[Stored data]
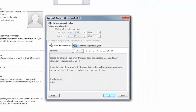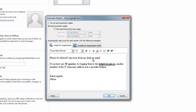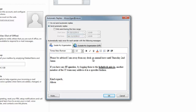Click on that and it gives you two options: do you want to send automatic replies or not. I'm going to send them, and I want to send them inside my organization. The message reads: please be advised I'm away from my desk on annual leave until Thursday 2nd of January 2014.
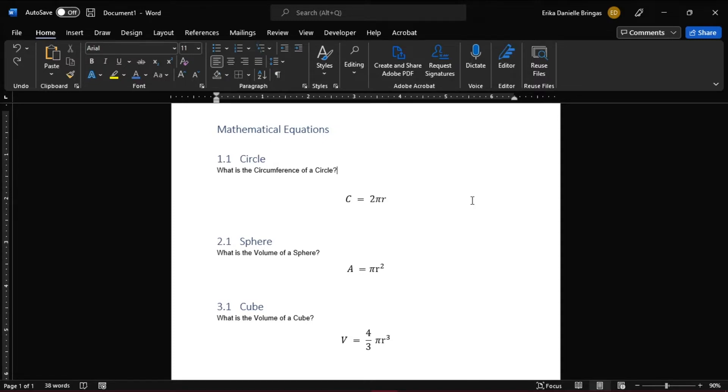Start by opening Microsoft Word and open a new document or the document you're working on. Here we have these equations.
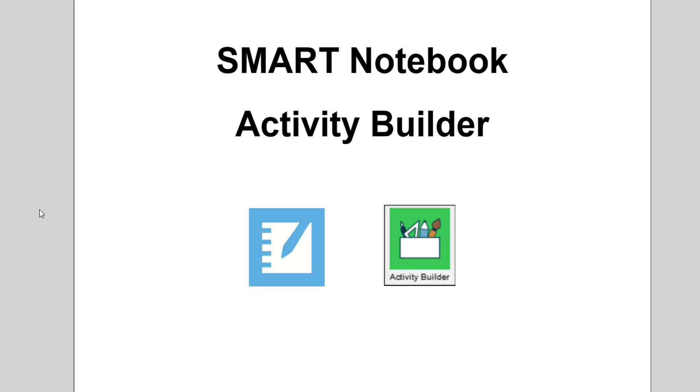In this video I'm going to show you how to use Smart Notebook Activity Builder to create engaging interactive activities for your students. The Activity Builder is an add-on that's easy to use, built into Smart Notebook, that allows you to create matching activities, sorting activities, labeling activities, games, and more. It just all depends on what you want it to do.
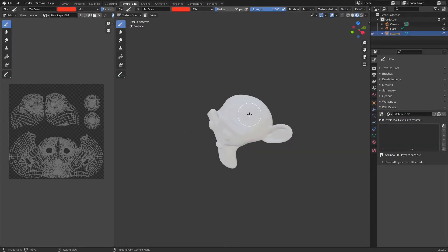Hi everyone and welcome to video number 4 in the PBR Painter version 2.0 tutorial series. This video is super important because I'm going to be talking about the main layer type that you'll be using, and that is the multi-channel layer type.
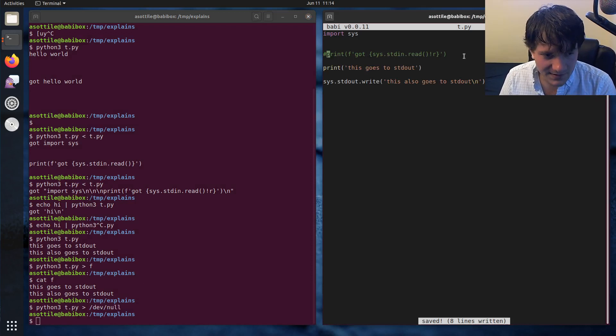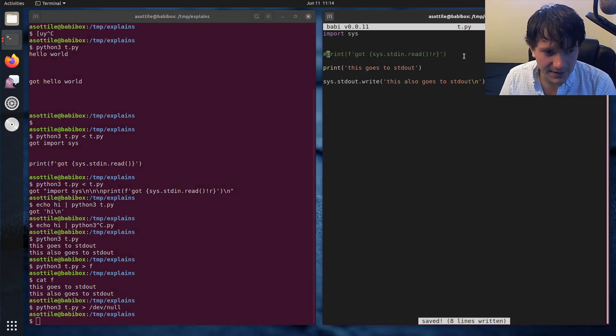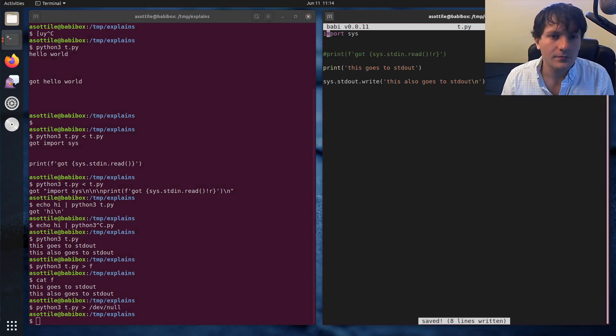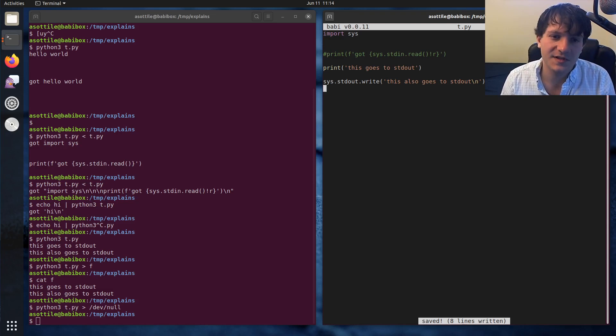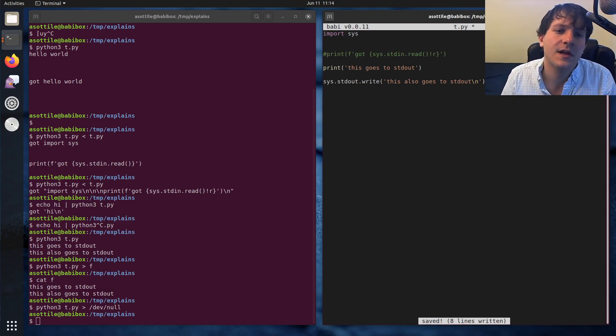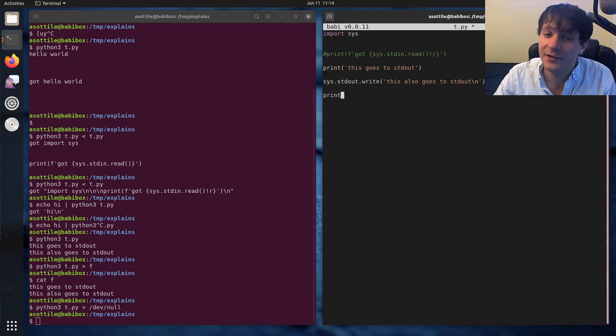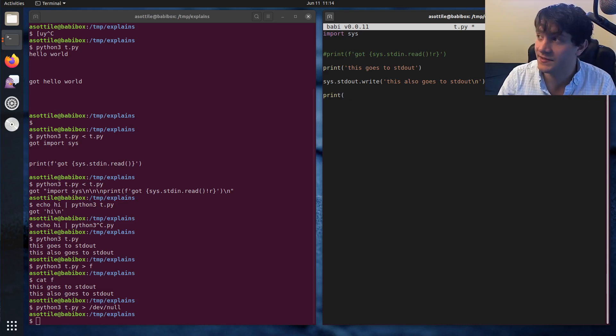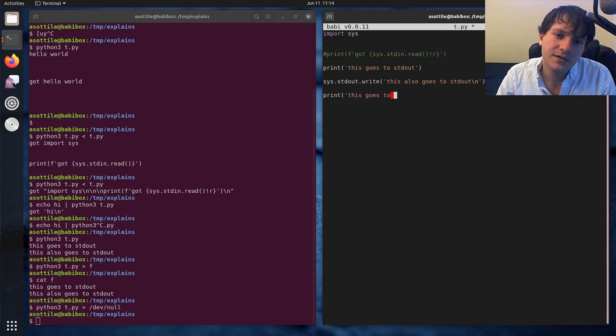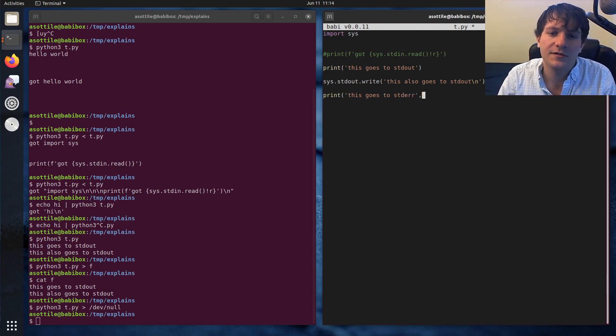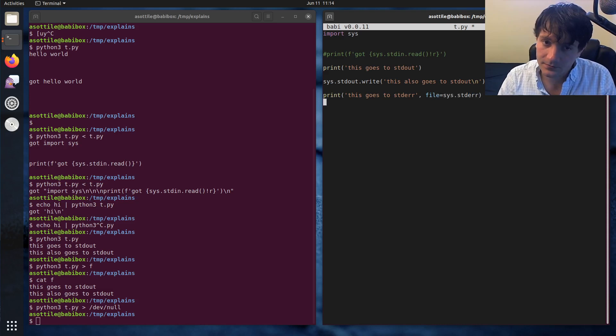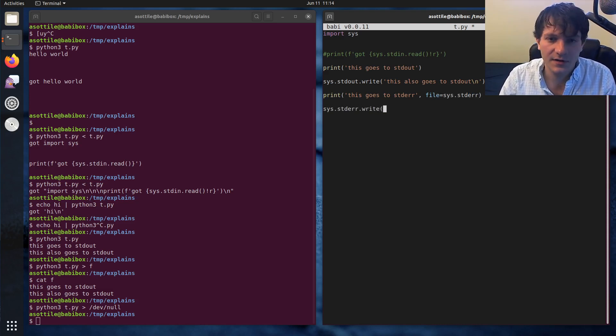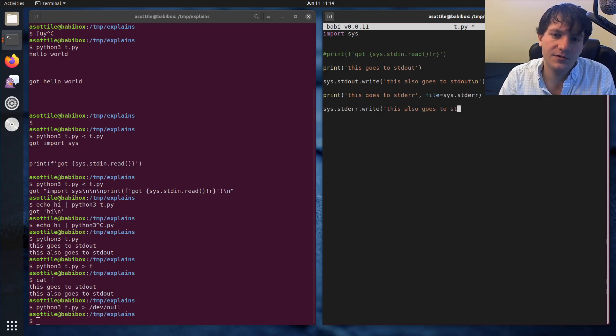And yeah, so let's talk about standard error next. It's also in the sys module and you can also write to it using print, but you use the file keyword argument. Again, like standard in, standard out, and standard error act like files. This goes to standard error and you can use file equals sys.stderr. Or again, you can do sys.stderr.write. This also goes to standard error.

## TRY IT
Each line above is to be copied verbatim. Drop any image from the copy.

## YOUR RESPONSE
Click on that and it gives you two options: do you want to send automatic replies or not. I'm going to send them, and I want to send them inside my organization. The message reads: please be advised I'm away from my desk on annual leave until Thursday 2nd of January 2014.
Start by opening Microsoft Word and open a new document or the document you're working on. Here we have these equations.
In this video I'm going to show you how to use Smart Notebook Activity Builder to create engaging interactive activities for your students. The Activity Builder is an add-on that's easy to use, built into Smart Notebook, that allows you to create matching activities, sorting activities, labeling activities, games, and more. It just all depends on what you want it to do.
Hi everyone and welcome to video number 4 in the PBR Painter version 2.0 tutorial series. This video is super important because I'm going to be talking about the main layer type that you'll be using, and that is the multi-channel layer type.
And yeah, so let's talk about standard error next. It's also in the sys module and you can also write to it using print, but you use the file keyword argument. Again, like standard in, standard out, and standard error act like files. This goes to standard error and you can use file equals sys.stderr. Or again, you can do sys.stderr.write. This also goes to standard error.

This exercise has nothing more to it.